June 7th - August 17th 2012
Facundo Argañaraz | Joshua Churchill | Christine M. Peterson
Sherwood Gallery is pleased to announce Surface, an exhibition of new work ranging from site-specific installations to silkscreen paintings, by Facundo Agañaraz, Joshua Churchill, and Christine M. Peterson.
Preoccupied with different materials, found images and their social significance, Facundo Argañaraz’s practice primarily consists of paintings, sculptures, and works on paper. While his two dimensional work is ridden with pastiche tendencies, the sculptural products examine the relationship between exterior surfaces and interior space. The minimal shapes and colors, or lack thereof, are basic and easy to comprehend, while seeing the work is remarkably complex. Subtleties of the surfaces in his sculptures and the objecthood of his paintings merit and reward our extended, contemplative engagement with the new work.
Joshua Churchill presents four photographic objects from At Once, an ongoing series of manipulated film "blurring what is imagined and invented, with what is, or what was, real." His process studies the possibilities of remodeling and transforming the image into object. First, from observing the object; then, by manipulating it. Once slides, they are morphed and enlarged, producing color bleeds, bubbles- disfiguring the found landscapes in unexpected ways.

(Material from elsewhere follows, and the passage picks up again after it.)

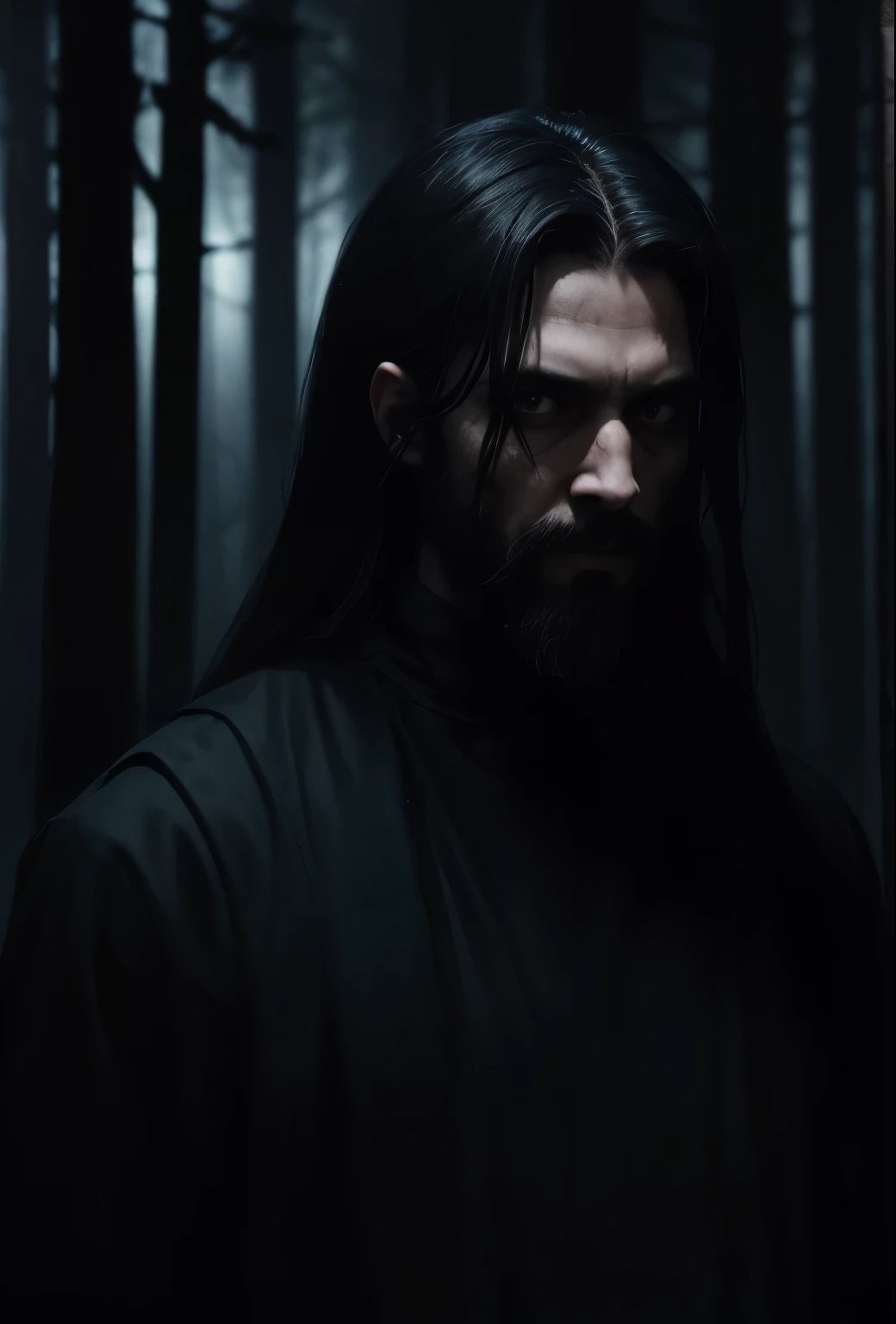 man in long black clothes with a small dirty beard in the middle of a dense forest at night, portraite, dark scenery, horror style, nightmarish, macabre dinner, horror film, scared character, twisted and otherworldly forest, blood-stained character, moonless night, desolate and destroyed place, apocalypto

Navigating within the conceptual and minimal tradition, Christine M. Peterson uses slide projectors, light, and reflective materials as her main components in Surface. She utilizes architectonic properties in the exhibition space in order to uncover and activate them. Columns become illuminated with projections of colorful hues, gaps in the ceiling avail to cast shadow effects, variations in light temperatures create a state of total receptiveness to surrounding exhibited objects, and reflective surfaces distort and construct a dynamic interaction between the work, architecture, design, and viewer. Through this, she fabricates an environment with no distinction between the floor, the ceiling, and the walls. This is done economically and efficiently as she attempts to achieve the greatest possible effect with the smallest possible intervention.